Work item:
Some entries follow. Reproduce exactly the lines starting at the one with "ใหม่ NEW SUBARU" and stopping after the one with "Красный Опель Кадет, объемом".

Exercise data:

********

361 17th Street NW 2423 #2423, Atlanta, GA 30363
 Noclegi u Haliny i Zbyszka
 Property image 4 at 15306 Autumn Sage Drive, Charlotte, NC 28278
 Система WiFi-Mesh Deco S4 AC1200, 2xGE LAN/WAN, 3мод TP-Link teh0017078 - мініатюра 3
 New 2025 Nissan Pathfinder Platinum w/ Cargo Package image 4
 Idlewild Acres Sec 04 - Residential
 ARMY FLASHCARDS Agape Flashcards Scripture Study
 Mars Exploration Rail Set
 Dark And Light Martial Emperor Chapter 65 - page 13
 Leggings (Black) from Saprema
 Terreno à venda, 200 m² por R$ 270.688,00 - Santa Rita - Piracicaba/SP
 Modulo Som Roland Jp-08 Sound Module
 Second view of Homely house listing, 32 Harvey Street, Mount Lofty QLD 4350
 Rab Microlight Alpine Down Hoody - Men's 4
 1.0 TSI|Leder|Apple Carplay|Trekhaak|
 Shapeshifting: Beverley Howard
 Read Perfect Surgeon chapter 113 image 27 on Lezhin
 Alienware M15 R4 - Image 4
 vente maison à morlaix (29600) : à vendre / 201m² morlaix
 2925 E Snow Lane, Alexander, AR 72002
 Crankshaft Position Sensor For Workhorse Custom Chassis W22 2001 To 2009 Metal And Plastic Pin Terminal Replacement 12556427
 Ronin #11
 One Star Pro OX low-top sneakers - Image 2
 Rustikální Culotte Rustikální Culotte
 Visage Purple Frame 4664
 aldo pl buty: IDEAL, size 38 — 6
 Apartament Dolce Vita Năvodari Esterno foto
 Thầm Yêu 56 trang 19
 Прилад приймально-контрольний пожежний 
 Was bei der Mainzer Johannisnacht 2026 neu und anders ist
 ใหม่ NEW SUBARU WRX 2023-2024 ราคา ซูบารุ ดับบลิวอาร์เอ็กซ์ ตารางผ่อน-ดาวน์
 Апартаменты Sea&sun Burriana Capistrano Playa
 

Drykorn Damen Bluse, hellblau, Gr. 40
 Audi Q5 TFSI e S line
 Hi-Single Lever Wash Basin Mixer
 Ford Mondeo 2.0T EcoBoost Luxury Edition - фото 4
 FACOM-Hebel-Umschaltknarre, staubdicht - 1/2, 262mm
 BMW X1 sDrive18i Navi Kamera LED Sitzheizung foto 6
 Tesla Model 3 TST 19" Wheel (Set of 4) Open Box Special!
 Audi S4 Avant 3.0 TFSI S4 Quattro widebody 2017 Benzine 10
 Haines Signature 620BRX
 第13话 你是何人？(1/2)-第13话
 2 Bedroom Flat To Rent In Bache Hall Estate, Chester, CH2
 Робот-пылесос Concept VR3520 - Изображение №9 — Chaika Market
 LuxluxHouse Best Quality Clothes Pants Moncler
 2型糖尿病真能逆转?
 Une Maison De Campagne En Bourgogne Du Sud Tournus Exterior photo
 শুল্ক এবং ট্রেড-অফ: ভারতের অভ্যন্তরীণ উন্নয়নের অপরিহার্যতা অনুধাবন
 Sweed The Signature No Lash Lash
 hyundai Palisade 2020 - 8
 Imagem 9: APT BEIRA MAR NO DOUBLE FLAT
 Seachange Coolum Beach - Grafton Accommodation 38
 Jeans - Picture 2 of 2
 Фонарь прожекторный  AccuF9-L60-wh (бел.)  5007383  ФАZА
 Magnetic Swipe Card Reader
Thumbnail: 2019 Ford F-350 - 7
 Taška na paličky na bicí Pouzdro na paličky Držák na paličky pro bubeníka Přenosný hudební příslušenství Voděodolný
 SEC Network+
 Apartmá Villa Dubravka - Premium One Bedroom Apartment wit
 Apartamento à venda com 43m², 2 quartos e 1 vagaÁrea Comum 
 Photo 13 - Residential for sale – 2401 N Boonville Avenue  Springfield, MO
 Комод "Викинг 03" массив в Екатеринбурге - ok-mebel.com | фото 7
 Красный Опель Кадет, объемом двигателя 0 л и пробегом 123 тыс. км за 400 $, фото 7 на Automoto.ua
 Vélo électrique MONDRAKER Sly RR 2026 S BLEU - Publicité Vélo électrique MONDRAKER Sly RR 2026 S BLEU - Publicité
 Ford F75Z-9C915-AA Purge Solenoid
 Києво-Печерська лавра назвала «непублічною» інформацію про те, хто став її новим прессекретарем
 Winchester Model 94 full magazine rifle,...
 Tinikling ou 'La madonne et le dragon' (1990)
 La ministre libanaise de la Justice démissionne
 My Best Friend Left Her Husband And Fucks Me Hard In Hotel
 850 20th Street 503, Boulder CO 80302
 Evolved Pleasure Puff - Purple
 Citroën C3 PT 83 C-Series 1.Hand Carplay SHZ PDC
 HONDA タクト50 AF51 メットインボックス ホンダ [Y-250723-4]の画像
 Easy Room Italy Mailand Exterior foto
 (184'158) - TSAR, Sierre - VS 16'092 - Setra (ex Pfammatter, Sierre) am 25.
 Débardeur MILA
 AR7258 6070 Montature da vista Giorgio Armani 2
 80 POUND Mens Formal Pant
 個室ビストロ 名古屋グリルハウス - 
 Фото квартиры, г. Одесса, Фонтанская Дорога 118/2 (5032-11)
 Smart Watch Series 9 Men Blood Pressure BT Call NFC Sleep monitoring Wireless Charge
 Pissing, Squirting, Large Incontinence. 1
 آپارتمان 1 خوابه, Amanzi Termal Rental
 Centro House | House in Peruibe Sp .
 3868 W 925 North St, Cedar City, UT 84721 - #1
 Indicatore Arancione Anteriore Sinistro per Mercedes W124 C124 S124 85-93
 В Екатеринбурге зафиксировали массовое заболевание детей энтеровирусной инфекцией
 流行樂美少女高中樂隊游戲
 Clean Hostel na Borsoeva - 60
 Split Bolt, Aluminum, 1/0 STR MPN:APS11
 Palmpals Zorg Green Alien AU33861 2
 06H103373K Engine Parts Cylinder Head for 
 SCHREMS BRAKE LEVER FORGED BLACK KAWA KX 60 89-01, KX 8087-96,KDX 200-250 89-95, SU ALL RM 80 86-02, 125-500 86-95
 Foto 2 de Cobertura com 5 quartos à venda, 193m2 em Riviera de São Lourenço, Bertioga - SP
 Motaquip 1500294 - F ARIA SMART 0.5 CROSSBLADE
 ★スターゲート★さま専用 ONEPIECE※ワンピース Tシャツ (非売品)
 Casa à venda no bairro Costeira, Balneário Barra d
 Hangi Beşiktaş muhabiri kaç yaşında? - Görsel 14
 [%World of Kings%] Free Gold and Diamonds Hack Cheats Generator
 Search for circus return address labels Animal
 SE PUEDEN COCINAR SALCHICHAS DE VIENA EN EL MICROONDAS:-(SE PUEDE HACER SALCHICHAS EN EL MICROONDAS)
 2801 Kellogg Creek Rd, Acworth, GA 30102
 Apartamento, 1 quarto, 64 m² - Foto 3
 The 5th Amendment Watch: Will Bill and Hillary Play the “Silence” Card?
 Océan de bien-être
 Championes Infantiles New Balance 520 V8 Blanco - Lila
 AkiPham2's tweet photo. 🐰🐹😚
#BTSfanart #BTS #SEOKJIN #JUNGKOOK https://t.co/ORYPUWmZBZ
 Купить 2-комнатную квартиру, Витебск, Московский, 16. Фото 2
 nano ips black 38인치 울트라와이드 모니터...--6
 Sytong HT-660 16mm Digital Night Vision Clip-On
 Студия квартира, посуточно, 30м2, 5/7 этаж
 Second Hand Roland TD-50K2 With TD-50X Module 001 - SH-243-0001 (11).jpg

********

Solution to this problem:
 ใหม่ NEW SUBARU WRX 2023-2024 ราคา ซูบารุ ดับบลิวอาร์เอ็กซ์ ตารางผ่อน-ดาวน์
 Апартаменты Sea&sun Burriana Capistrano Playa
 

Drykorn Damen Bluse, hellblau, Gr. 40
 Audi Q5 TFSI e S line
 Hi-Single Lever Wash Basin Mixer
 Ford Mondeo 2.0T EcoBoost Luxury Edition - фото 4
 FACOM-Hebel-Umschaltknarre, staubdicht - 1/2, 262mm
 BMW X1 sDrive18i Navi Kamera LED Sitzheizung foto 6
 Tesla Model 3 TST 19" Wheel (Set of 4) Open Box Special!
 Audi S4 Avant 3.0 TFSI S4 Quattro widebody 2017 Benzine 10
 Haines Signature 620BRX
 第13话 你是何人？(1/2)-第13话
 2 Bedroom Flat To Rent In Bache Hall Estate, Chester, CH2
 Робот-пылесос Concept VR3520 - Изображение №9 — Chaika Market
 LuxluxHouse Best Quality Clothes Pants Moncler
 2型糖尿病真能逆转?
 Une Maison De Campagne En Bourgogne Du Sud Tournus Exterior photo
 শুল্ক এবং ট্রেড-অফ: ভারতের অভ্যন্তরীণ উন্নয়নের অপরিহার্যতা অনুধাবন
 Sweed The Signature No Lash Lash
 hyundai Palisade 2020 - 8
 Imagem 9: APT BEIRA MAR NO DOUBLE FLAT
 Seachange Coolum Beach - Grafton Accommodation 38
 Jeans - Picture 2 of 2
 Фонарь прожекторный  AccuF9-L60-wh (бел.)  5007383  ФАZА
 Magnetic Swipe Card Reader
Thumbnail: 2019 Ford F-350 - 7
 Taška na paličky na bicí Pouzdro na paličky Držák na paličky pro bubeníka Přenosný hudební příslušenství Voděodolný
 SEC Network+
 Apartmá Villa Dubravka - Premium One Bedroom Apartment wit
 Apartamento à venda com 43m², 2 quartos e 1 vagaÁrea Comum 
 Photo 13 - Residential for sale – 2401 N Boonville Avenue  Springfield, MO
 Комод "Викинг 03" массив в Екатеринбурге - ok-mebel.com | фото 7
 Красный Опель Кадет, объемом двигателя 0 л и пробегом 123 тыс. км за 400 $, фото 7 на Automoto.ua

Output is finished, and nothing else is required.